» **SUPPLIED DATA**
____________
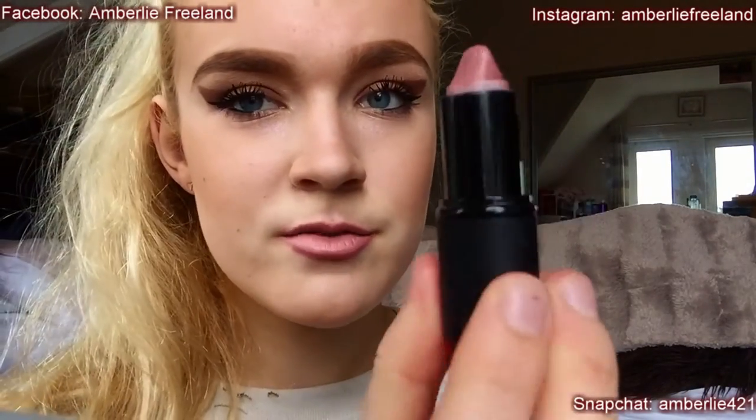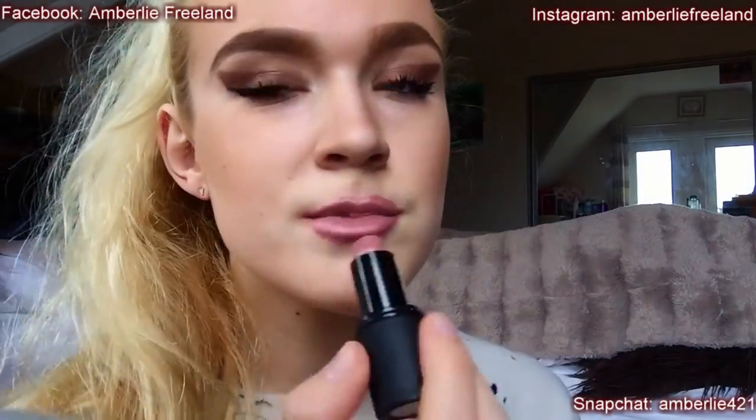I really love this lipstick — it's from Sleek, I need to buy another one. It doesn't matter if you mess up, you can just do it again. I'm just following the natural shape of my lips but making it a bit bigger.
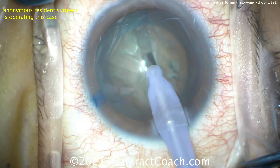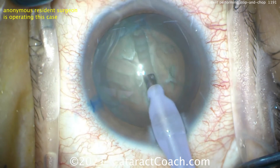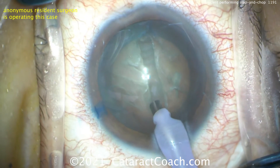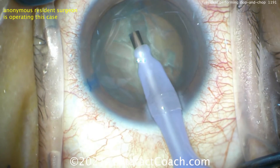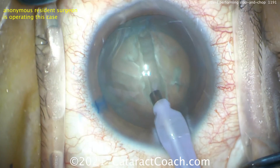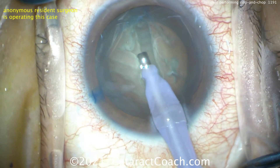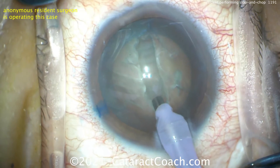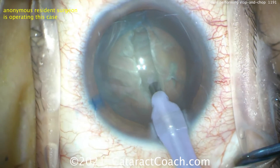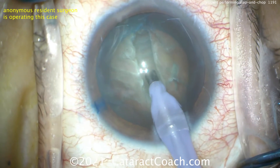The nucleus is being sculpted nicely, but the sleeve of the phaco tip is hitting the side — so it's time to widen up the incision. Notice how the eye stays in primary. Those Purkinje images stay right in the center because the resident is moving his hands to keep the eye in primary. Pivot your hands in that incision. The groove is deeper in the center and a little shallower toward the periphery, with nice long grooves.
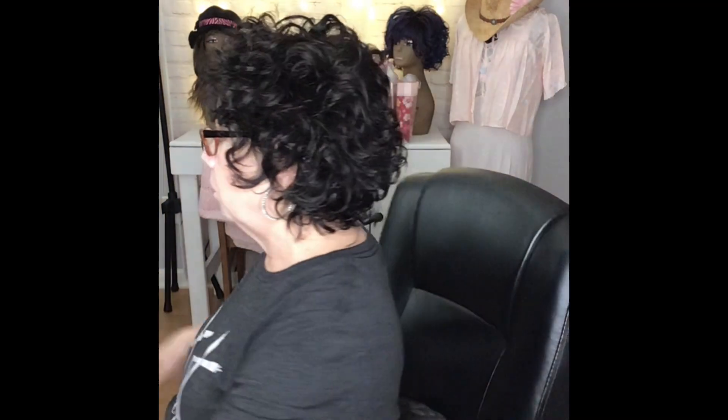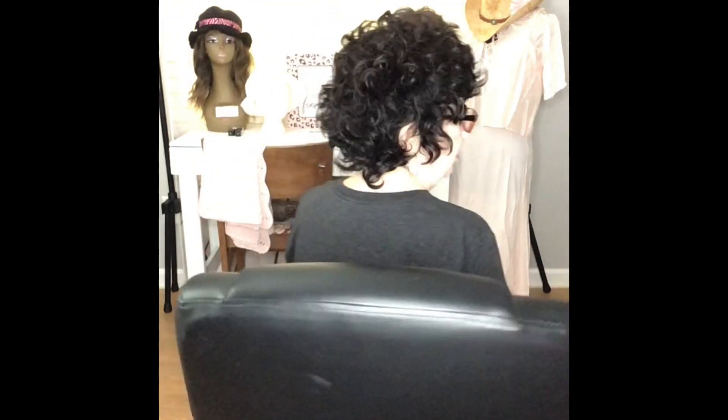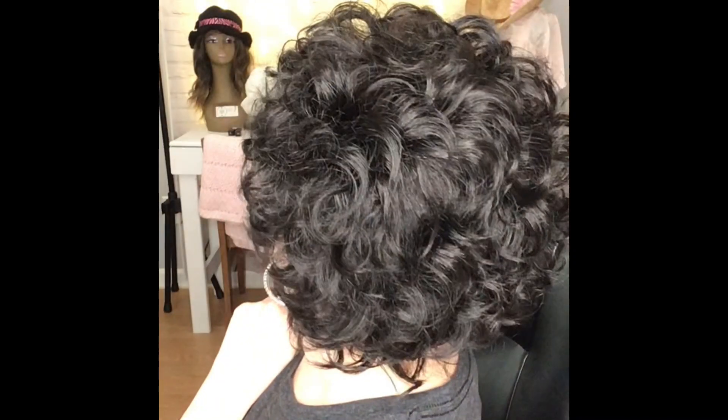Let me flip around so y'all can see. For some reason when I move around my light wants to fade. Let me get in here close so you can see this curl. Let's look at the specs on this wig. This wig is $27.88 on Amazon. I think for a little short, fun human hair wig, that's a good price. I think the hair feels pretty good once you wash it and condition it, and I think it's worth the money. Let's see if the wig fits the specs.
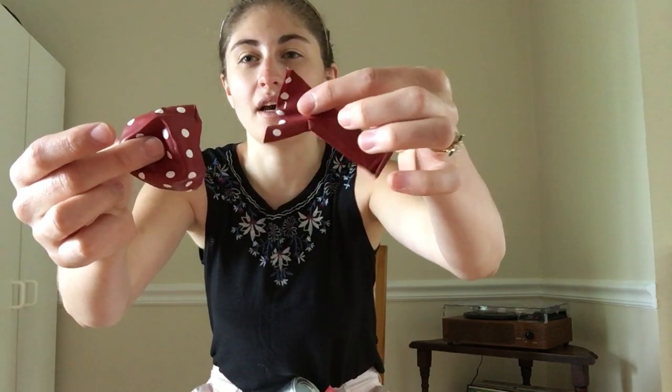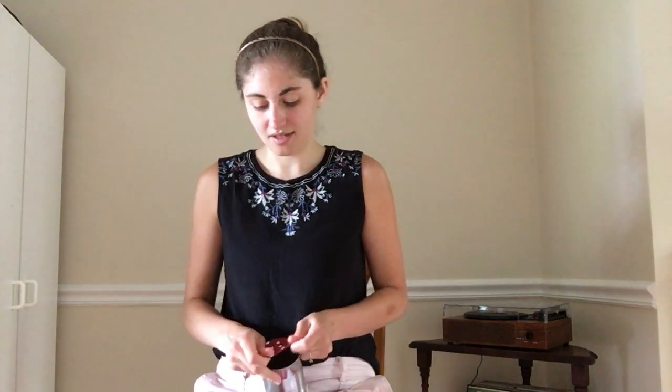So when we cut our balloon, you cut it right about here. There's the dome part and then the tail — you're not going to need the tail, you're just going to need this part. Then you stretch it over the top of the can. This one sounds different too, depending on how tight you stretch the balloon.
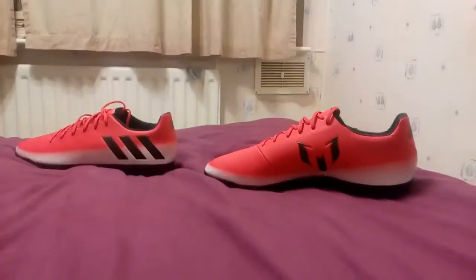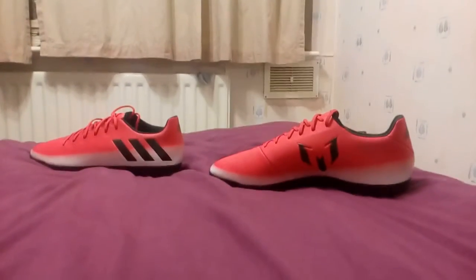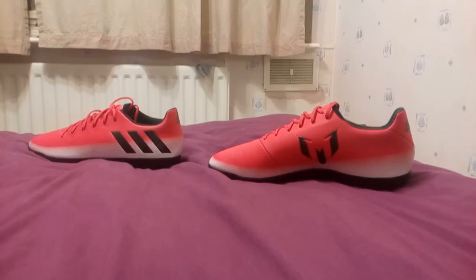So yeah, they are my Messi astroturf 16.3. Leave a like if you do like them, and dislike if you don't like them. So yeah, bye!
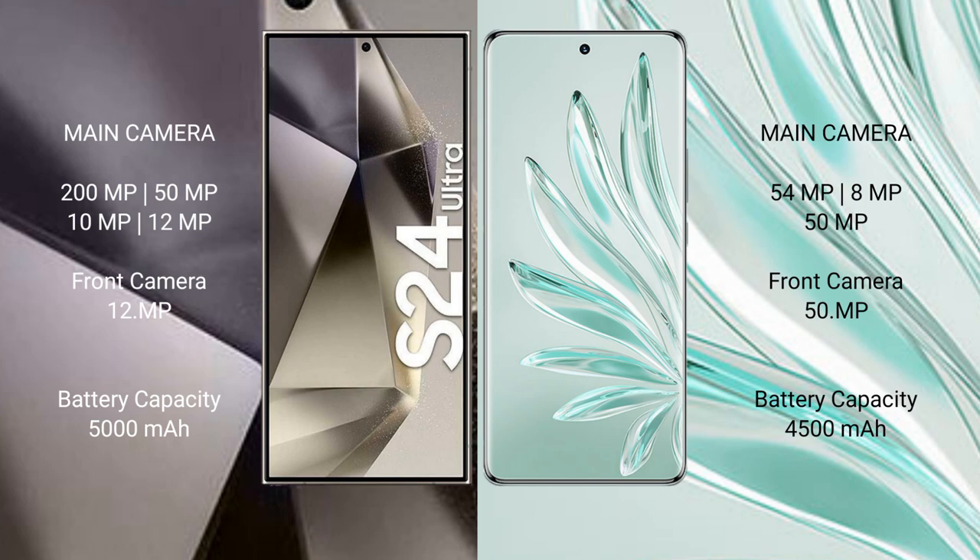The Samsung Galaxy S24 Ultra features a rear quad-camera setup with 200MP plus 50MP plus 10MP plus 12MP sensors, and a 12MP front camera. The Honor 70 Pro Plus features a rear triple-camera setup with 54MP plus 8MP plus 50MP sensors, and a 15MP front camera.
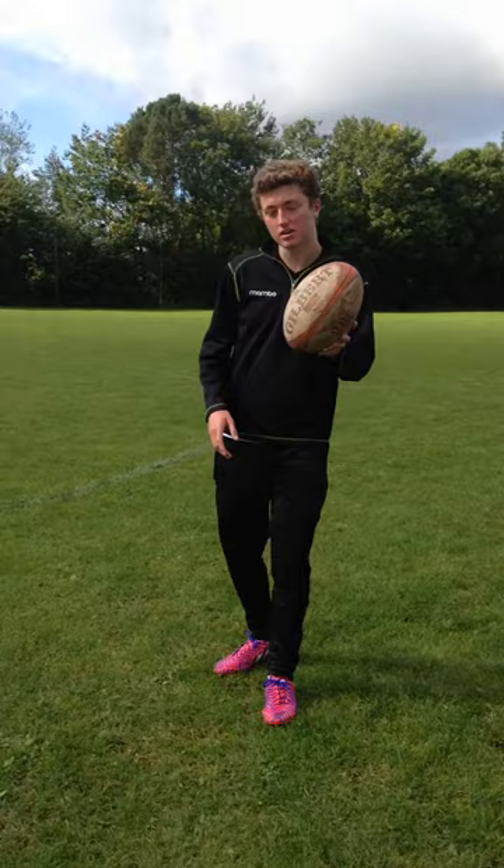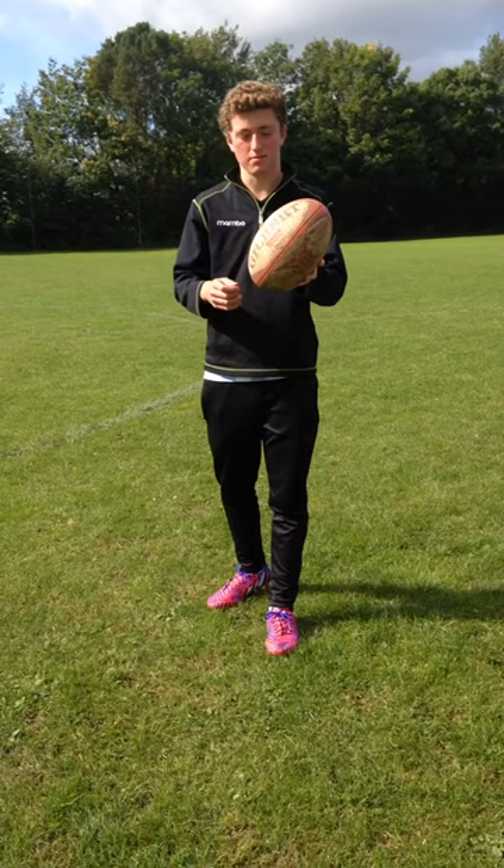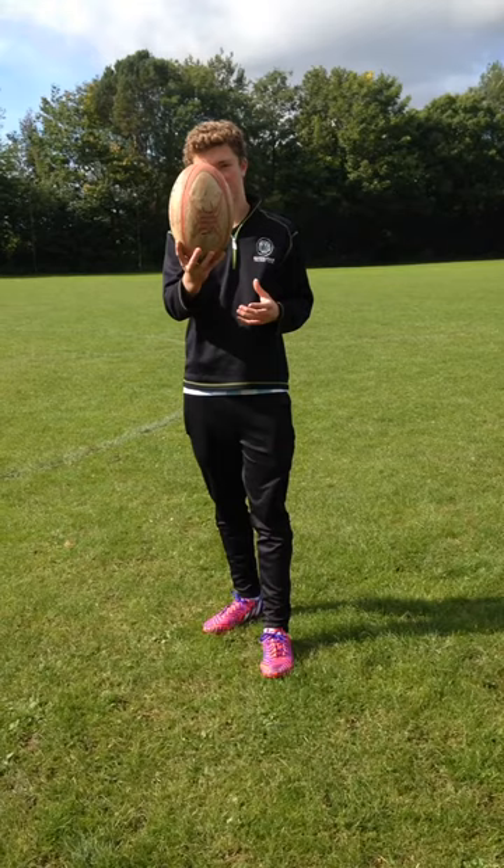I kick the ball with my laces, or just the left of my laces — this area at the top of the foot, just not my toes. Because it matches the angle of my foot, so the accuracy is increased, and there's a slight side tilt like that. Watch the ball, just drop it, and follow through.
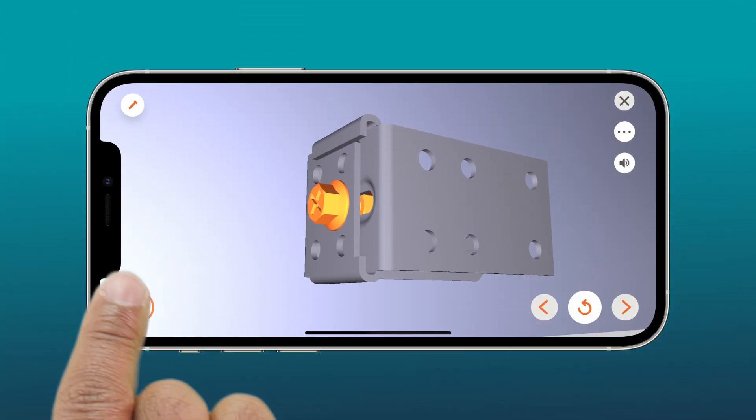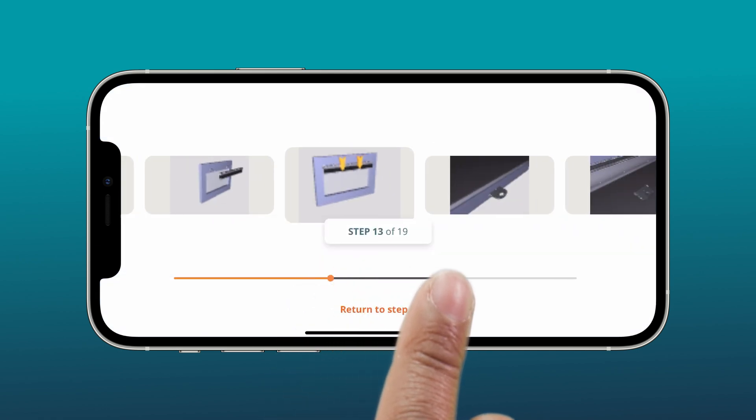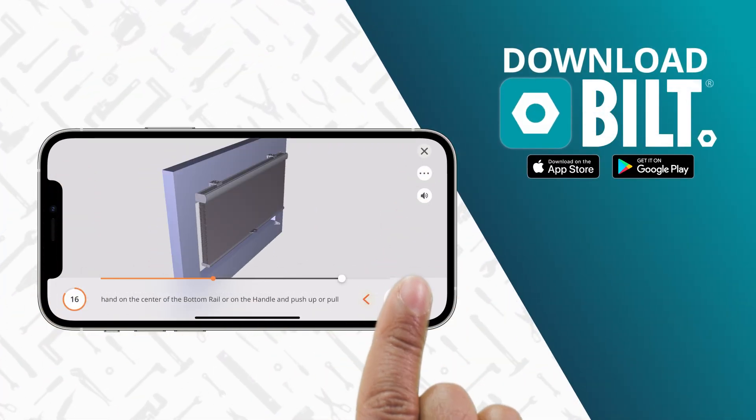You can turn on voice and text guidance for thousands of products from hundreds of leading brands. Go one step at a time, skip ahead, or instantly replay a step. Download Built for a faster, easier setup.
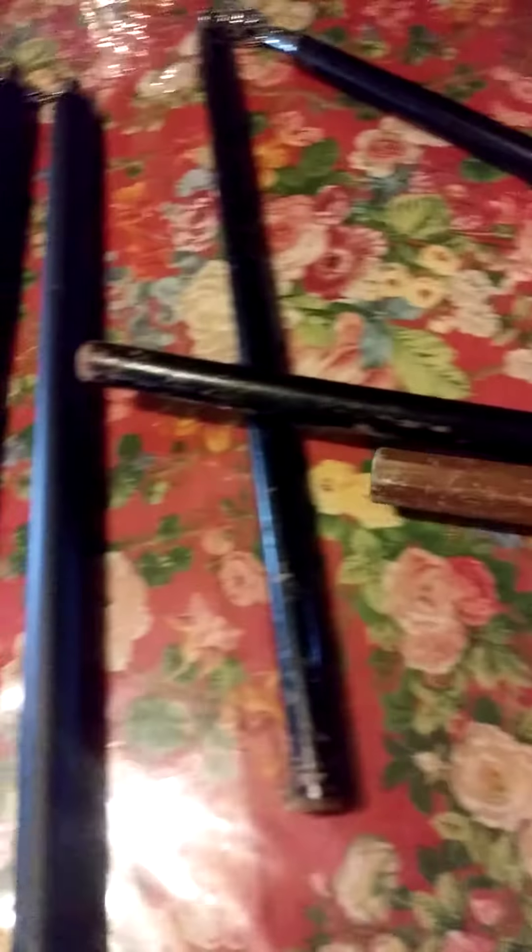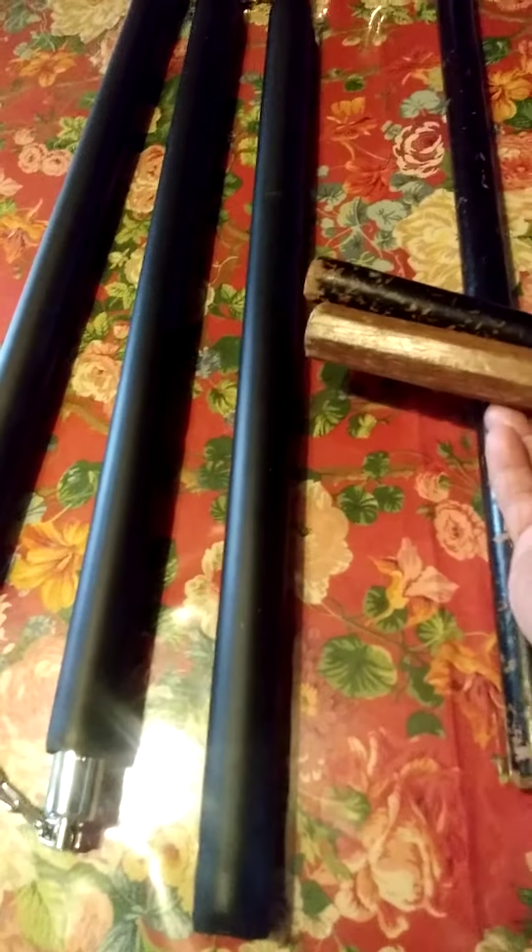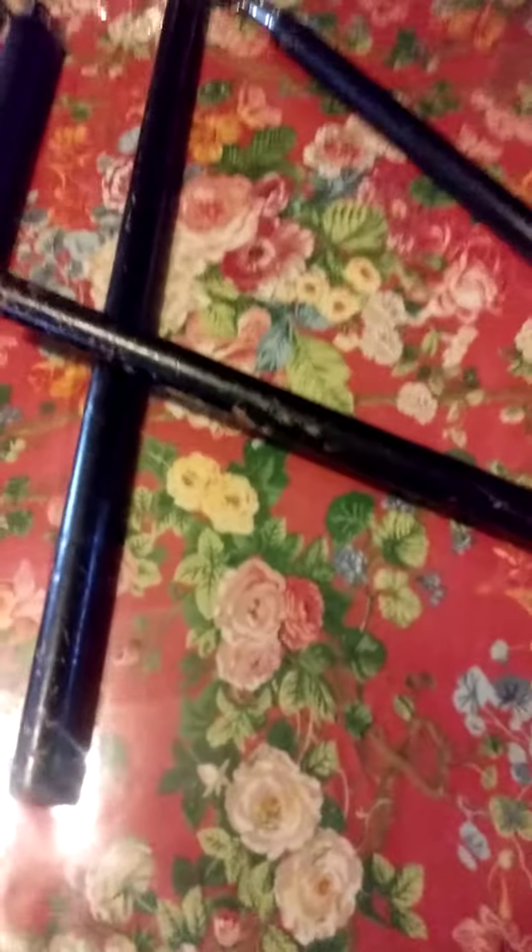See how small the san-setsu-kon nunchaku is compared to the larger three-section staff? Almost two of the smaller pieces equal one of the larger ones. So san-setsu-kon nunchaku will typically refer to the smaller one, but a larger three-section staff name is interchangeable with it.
____________
» **TASK DETAILS**
Each line from the start of the entries through the line with "Let me flip" is to be restated exactly, and the pictures are to be skipped.

» **WRITTEN SOLUTION**
I really love this lipstick — it's from Sleek, I need to buy another one. It doesn't matter if you mess up, you can just do it again. I'm just following the natural shape of my lips but making it a bit bigger.
The nucleus is being sculpted nicely, but the sleeve of the phaco tip is hitting the side — so it's time to widen up the incision. Notice how the eye stays in primary. Those Purkinje images stay right in the center because the resident is moving his hands to keep the eye in primary. Pivot your hands in that incision. The groove is deeper in the center and a little shallower toward the periphery, with nice long grooves.
Let me flip around so y'all can see. For some reason when I move around my light wants to fade. Let me get in here close so you can see this curl. Let's look at the specs on this wig. This wig is $27.88 on Amazon. I think for a little short, fun human hair wig, that's a good price. I think the hair feels pretty good once you wash it and condition it, and I think it's worth the money. Let's see if the wig fits the specs.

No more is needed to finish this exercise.